(Instructions for the task):
Copy exactly the lines from the line holding "2021 AUDI Q8 WA1AVAF11MD007480 Photo 1" through the end of the material, and no others; pictures stay out.

(Data excerpt):
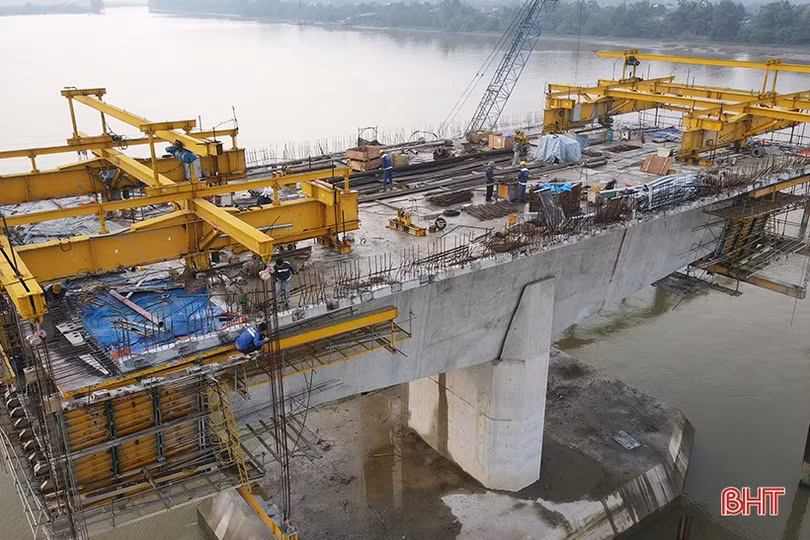 Hối hả trên các công trình trọng điểm ở Hà Tĩnh ngày đầu năm mới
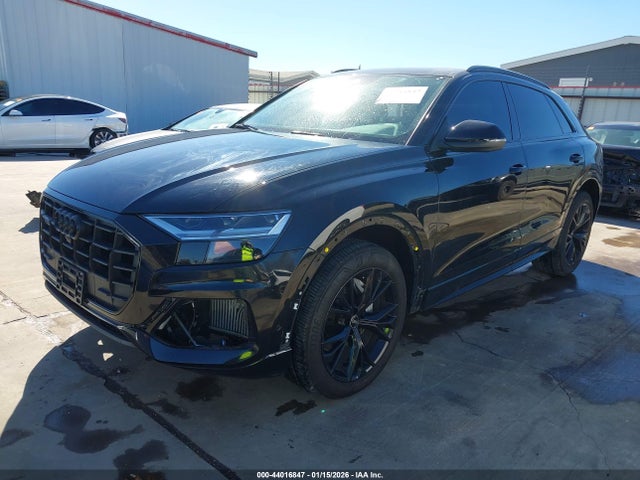 2021 AUDI Q8 WA1AVAF11MD007480 Photo 1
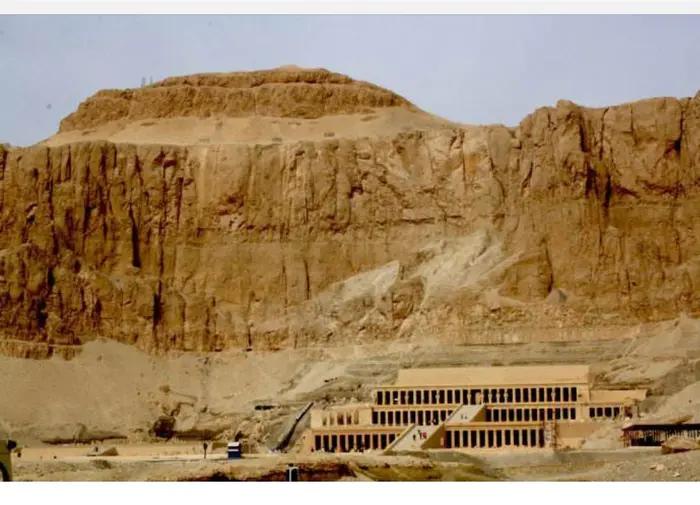 山海经里昆仑山脉是哪,山海经昆仑之墟瓦屋山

(Task output):
 2021 AUDI Q8 WA1AVAF11MD007480 Photo 1
 山海经里昆仑山脉是哪,山海经昆仑之墟瓦屋山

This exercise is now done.